Gen3 - Data Contribution - From Bucket to Gen3

Linking Data from external Data Clouds to Gen3 Data Commons


Data files that are stored on other cloud services, such as Amazon Web Services (AWS) or Google Cloud Storage (GCS), can be made available in a Gen3 data commons without moving the files. There are several technical details for individual cases, and thus, you will need to get in contact with CTDS/commons operator for further inquiries. Below we list some guidelines that should prepare for specific processes such as indexing and submission.

  1. Consider required authorization controls for the data and how/where Gen3 will synchronize user authorization information. This information is important to communicate with CTDS/commons operators. Depending on your data access and authorization needs, there are some requirements and caveats to data organization in the buckets.

  2. In order for Gen3 to make file objects available to researchers, globally unique identifiers (GUIDs) are minted per object and stored in Gen3. That process of minting GUIDs associated with specific file objects in buckets is generally achieved by providing Gen3 with a bucket manifest which contains the minimal file-level metadata required to mint a GUID. A bucket manifest as a TSV file has to contain the following properties at the minimum: md5 checksum, file size in bytes, and the full bucket urls. There are authorization columns “authz” and “acl” that can also be populated, though knowing what to populate these with will require communications with Gen3/commons operators.

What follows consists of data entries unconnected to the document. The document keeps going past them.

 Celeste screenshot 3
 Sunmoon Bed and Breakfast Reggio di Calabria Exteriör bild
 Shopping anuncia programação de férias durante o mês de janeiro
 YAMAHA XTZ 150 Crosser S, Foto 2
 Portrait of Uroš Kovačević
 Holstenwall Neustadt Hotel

    Note: Gen3’s automation and deployment code contains scripts for GCS and AWS that can generate an object manifest of a bucket. Keep in mind that using these scripts requires using Gen3’s full deployment code and, depending on the amount of data, calculating checksums for files can be costly and take time.

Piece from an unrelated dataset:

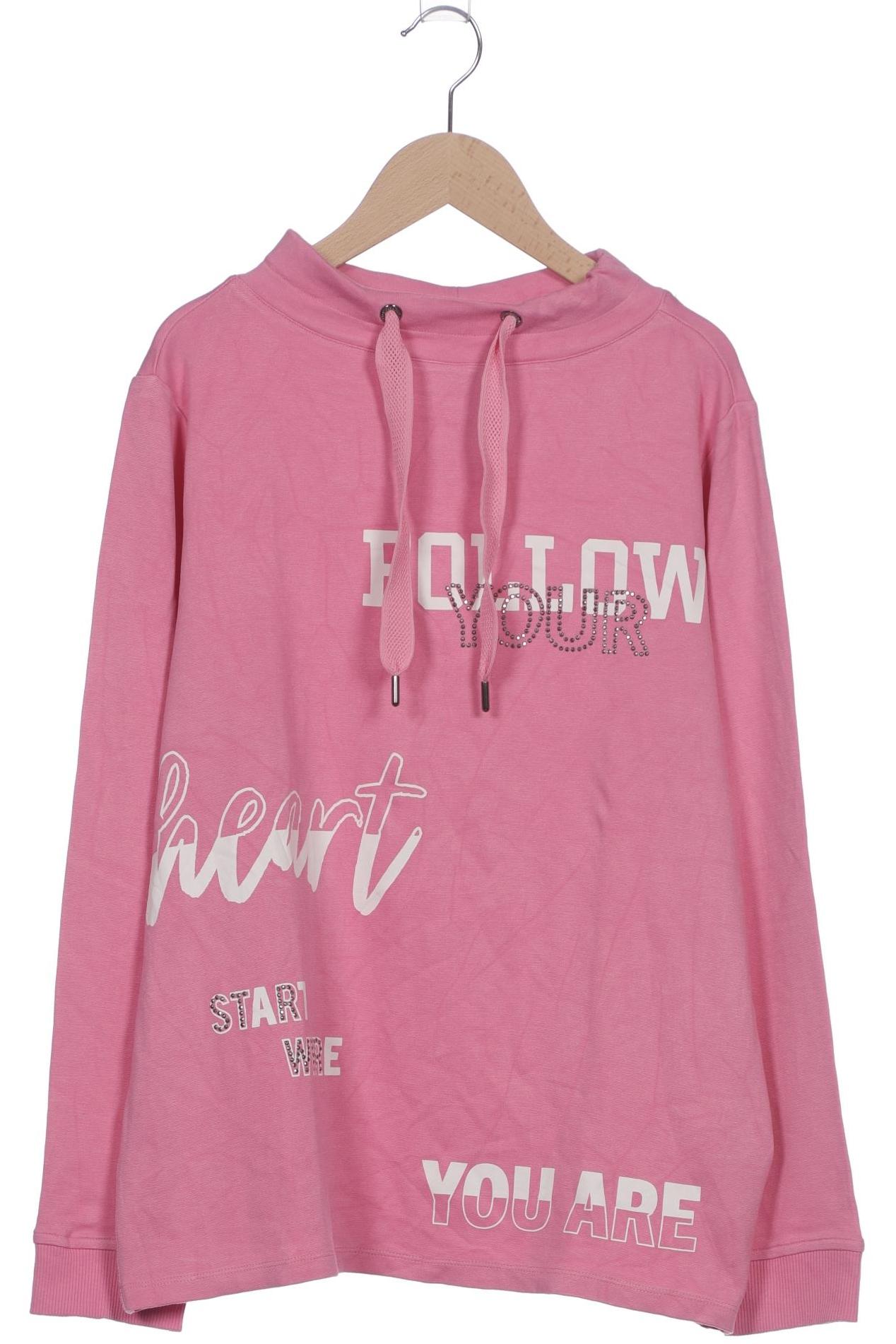 

Cecil Damen Sweatshirt, pink, Gr. 42
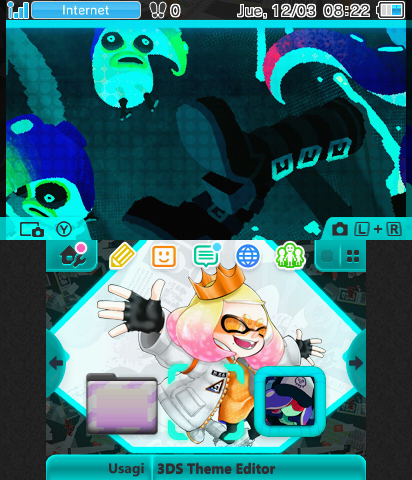 Dedf1sh (Splatoon Theme)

  3. Once Gen3 is provided a complete bucket manifest (with or without requested GUIDs), there is tooling available to index the bucket manifest into the system (this “indexing” process generates GUIDs if not yet existent). The Gen3 SDK contains tooling that can be used for this.

    Note: Users in the Gen3-Community have published repos that index large pre-existing s3 buckets (disclaimer: CTDS is not responsible for the content and opinions on the third-party repos).

  4. If applicable, submission files can be prepared for the Gen3 graph model as described on the data submission page or briefly described here. You can choose between two options: a) create a core_metadata_collection entity, link it to the data_file node, and submit your data files directly to the data_file node. b) Create a structured chain of metadata according to the Gen3 graph model to obtain the link to the data_file node. Then, you can submit the files to the data_file node.